How can we best curb this problem?  Stopping the glut of straw usage is our smartest and most pragmatic line of defense. Recycling is good and we must continue this practice. However, with the “tidal wave” of plastics entering our waterways and oceans constantly increasing in size, we need to think of ways to stop plastic production and then our follow-up game will be to clean up the existing problem. 

On January 17, 2018, California Assemblyman Ian Calderon (D-57 CA) introduced a bill, AB 1884 that will curb plastic straw consumption in California. This bill will require consumers to request straws before their server provides the plastic amenity. This bill will still allow restaurants to serve straws upon request. Plastic straws are targeted because they are single-use plastics, discarded in large quantities and are rarely essential. Sea Save Foundation rallied behind this critical bill using by raising awareness and leveraging a tool connecting voters to their representatives.

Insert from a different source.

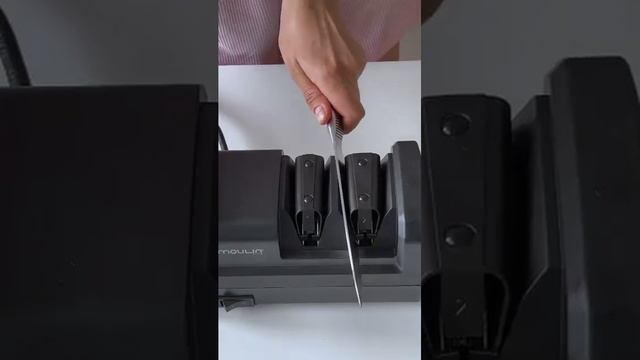 Ножеточка Moulin Villa смотреть онлайн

Due to pushback, Calderon recently amended his bill to exclude fast food eateries and other non-full service restaurants. This is unfortunate because the majority of straw pollution usage emanates from fast-food hubs. The bill passed the Senate on August 20th and is currently sitting on the Governor’s desk awaiting his signature.  Brown is expected to support this bill and sign it into law within the next two weeks.

Is it time for conservationists to celebrate? The final text only includes full-service restaurants, leaving much room for single-use plastic straws to still end up in our landfills. However, when addressing the Senate Standing Committee on Environmental Quality, Calderon stated: “I purposefully structured the bill this way because I wanted to get something through the Legislature, and I want to get something on the governor's desk.”

Historically, successful efforts have started with a single, small step forward. The fight against single-use plastics is not over by far, but this is a step in the right direction.